**TASK INPUTS**
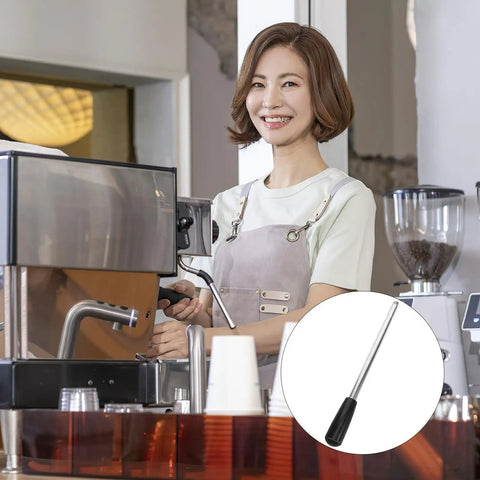 Pro Grade Cup Sealer Lever Handle Accessory For Milk Tea Shops Made Of Plastic And Stainless Steel Easy Install Versatile Sealing Machine Part To Boost Production Efficiency, silver handle shown in cafe use
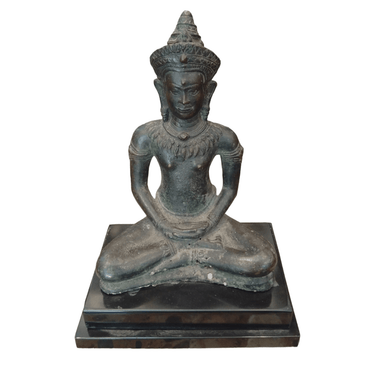 Figura Buda en bronce y base de mármol Bucarest Art Gallery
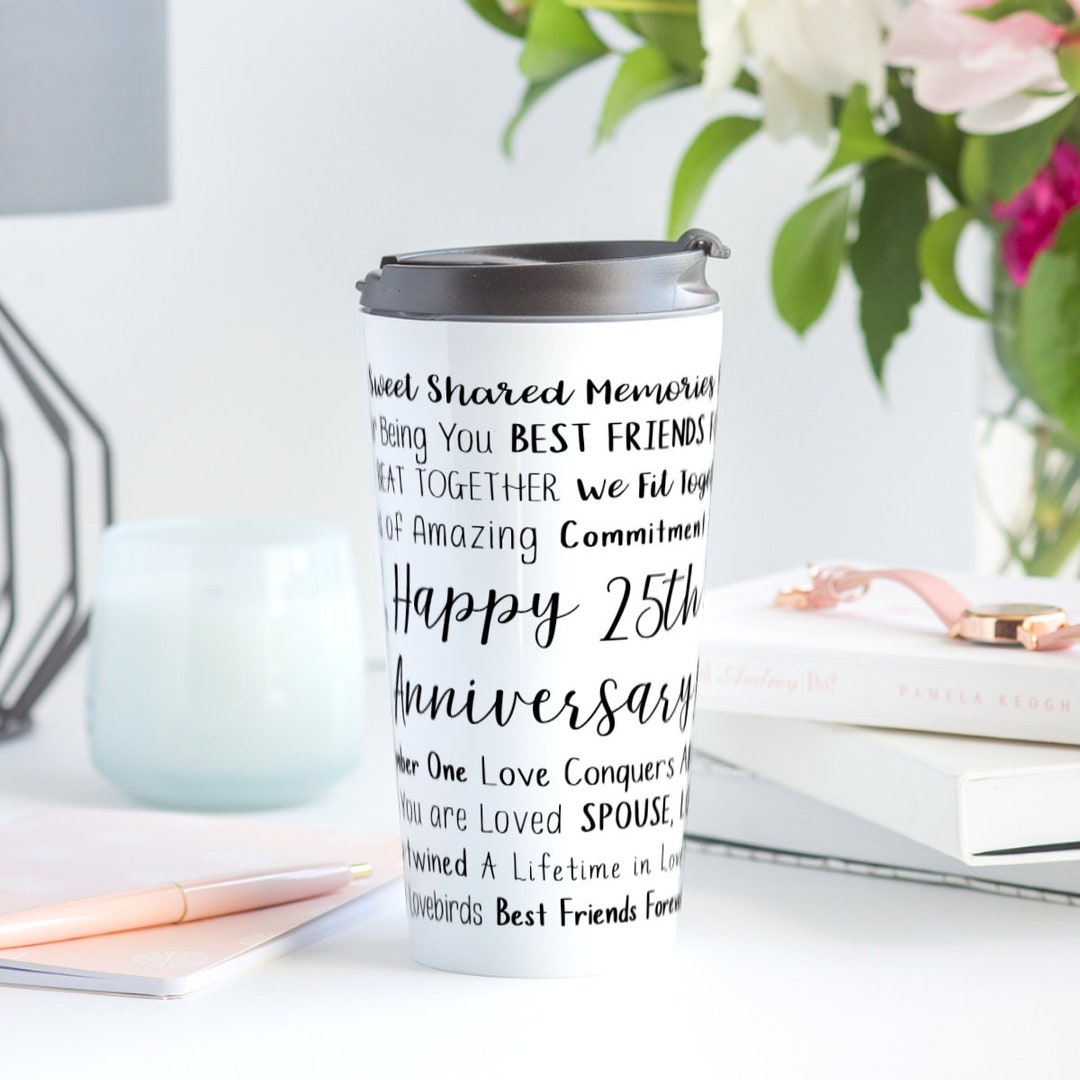 Personalized 25th Anniversary Travel Coffee Mug Unique Happy Etsy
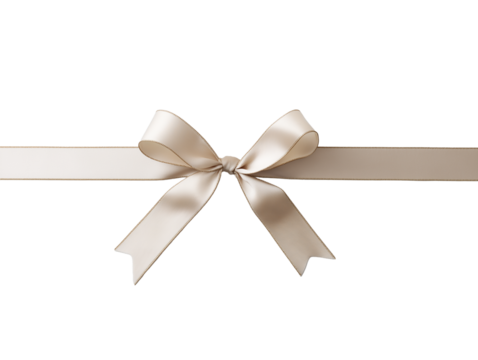 PNG a single elegant satin ribbon tied in a bow shape, placed neatly on a transparent background, top-down view, soft natural lighting, clean and minimal composition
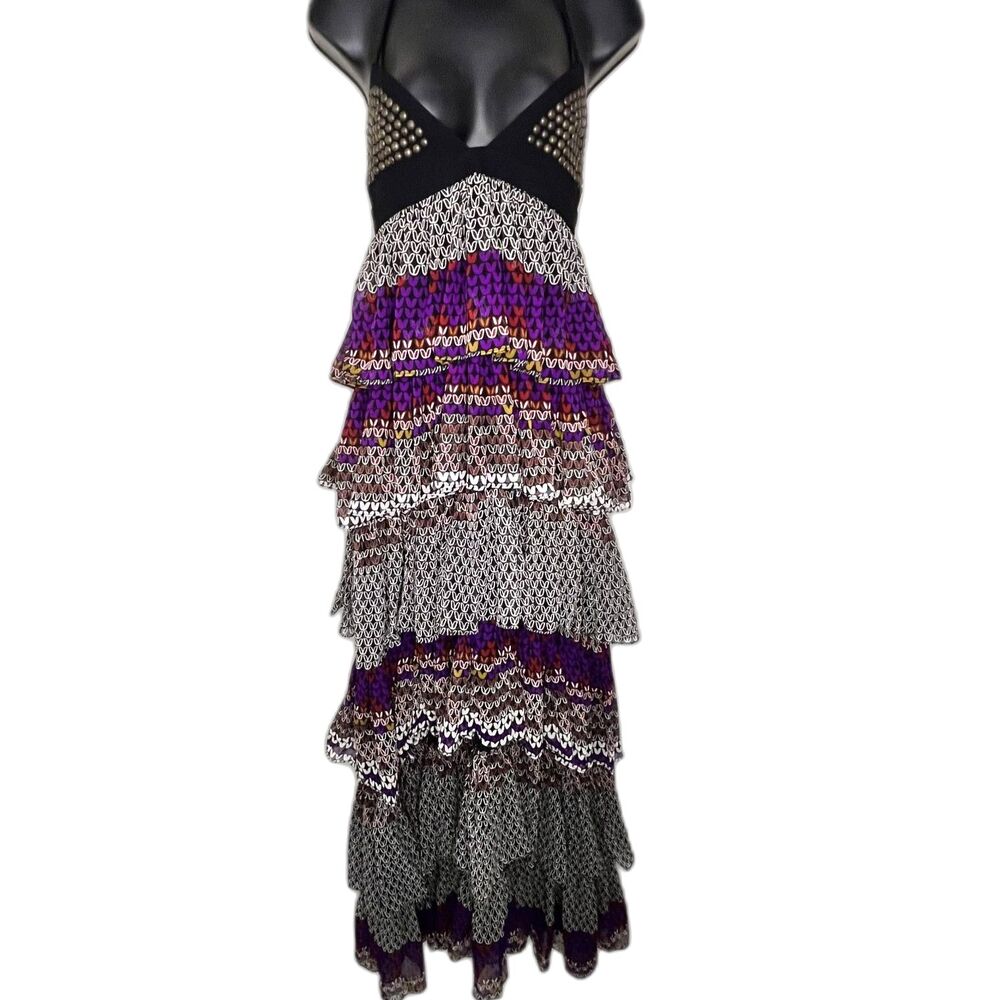 Mara Hoffman Silk Studded Tiered Chiffon Maxi Dress NWT S Boho Festival Eclectic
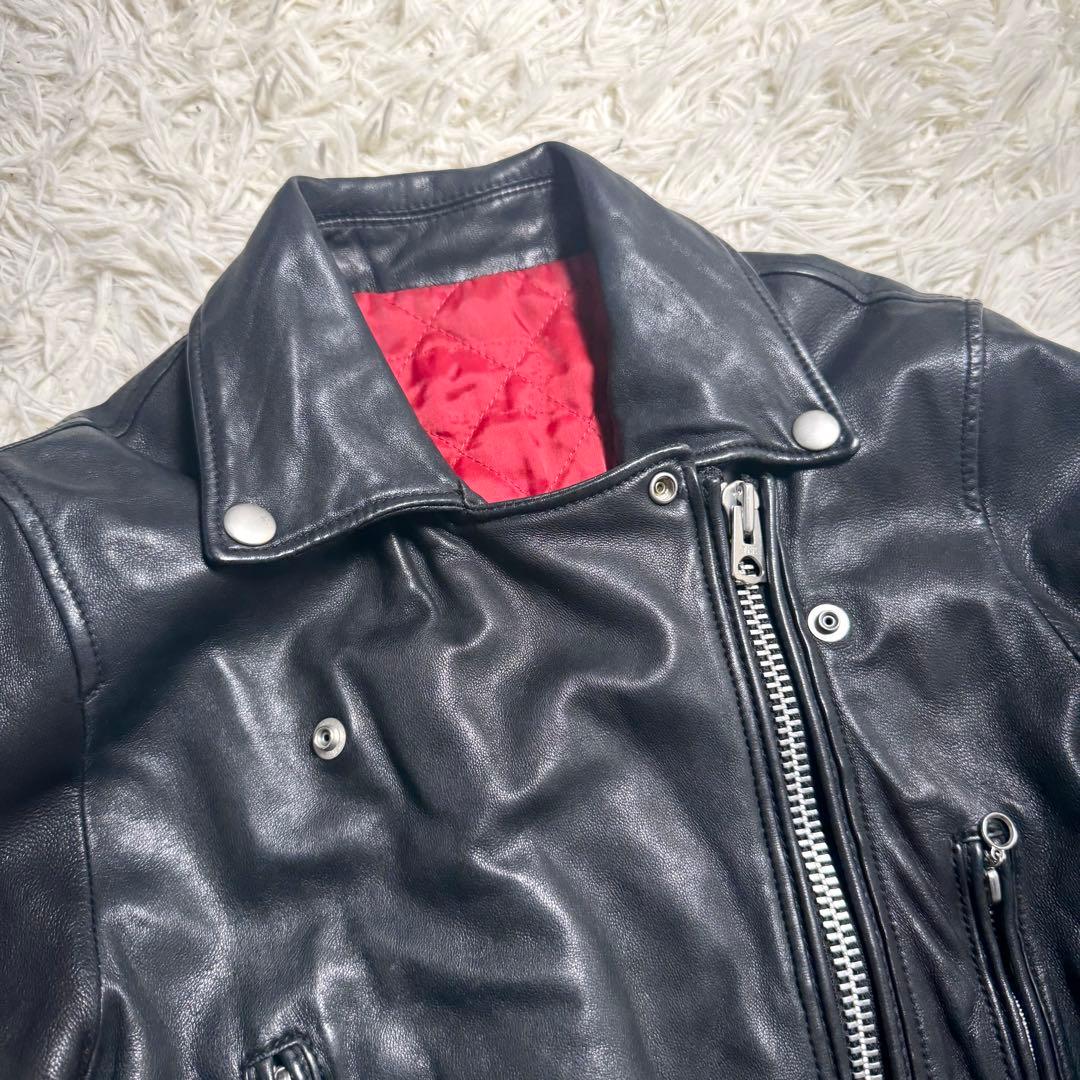 羊革 ダブルライダース 黒×赤 キルティング　y2k ロックテイスト　レディース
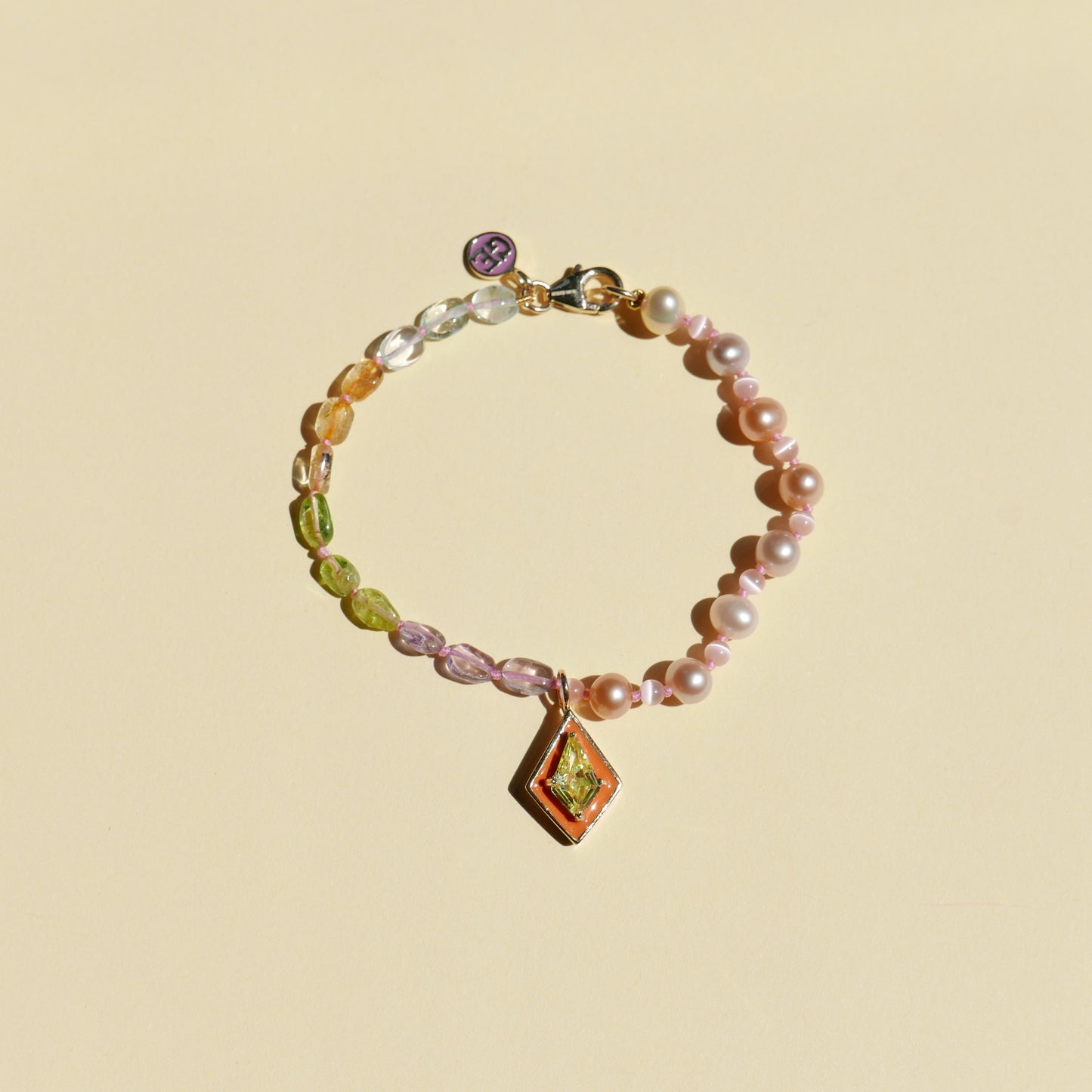 Orange Enamel Rainbow Bracelet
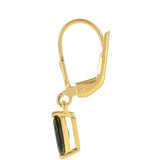 Pozlacené stříbro 925/1000 Náušnice se Zeleným Turmalínem - Karátové číslo: 0.74. přibližná hmotnost: 1.33 gramů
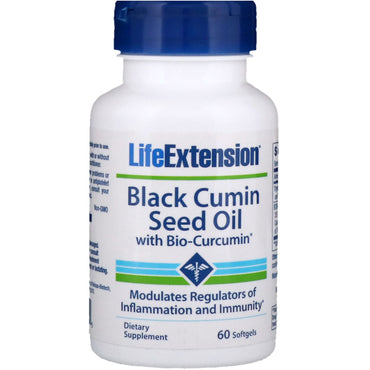 Life Extension, Huile de graines de cumin noir avec bio-curcumine, 60 gélules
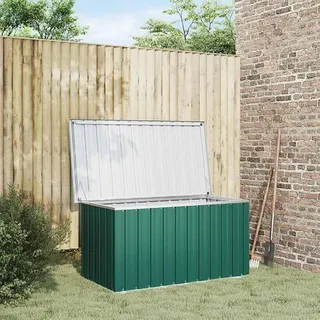 Gartenbox wasserdicht XXL Metall Aufbewahrungsbox Auflagenbox Kissenbox Werkzeugkasten Gartentruhe Metall-Grün-129 x 67 x 65 cm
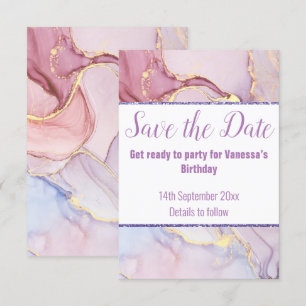 PASTEL MARMER GLITTER SAVE THE DATE RSVP KAART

**WORK REQUIRED**
With the pictures excluded, transcribe word for word only the lines from the one containing "Figura Buda en" through the last line of the records.

**COMPLETED TASK**
 Figura Buda en bronce y base de mármol Bucarest Art Gallery
 Personalized 25th Anniversary Travel Coffee Mug Unique Happy Etsy
 PNG a single elegant satin ribbon tied in a bow shape, placed neatly on a transparent background, top-down view, soft natural lighting, clean and minimal composition
 Mara Hoffman Silk Studded Tiered Chiffon Maxi Dress NWT S Boho Festival Eclectic
 羊革 ダブルライダース 黒×赤 キルティング　y2k ロックテイスト　レディース
 Orange Enamel Rainbow Bracelet
 Pozlacené stříbro 925/1000 Náušnice se Zeleným Turmalínem - Karátové číslo: 0.74. přibližná hmotnost: 1.33 gramů
 Life Extension, Huile de graines de cumin noir avec bio-curcumine, 60 gélules
 Gartenbox wasserdicht XXL Metall Aufbewahrungsbox Auflagenbox Kissenbox Werkzeugkasten Gartentruhe Metall-Grün-129 x 67 x 65 cm
 PASTEL MARMER GLITTER SAVE THE DATE RSVP KAART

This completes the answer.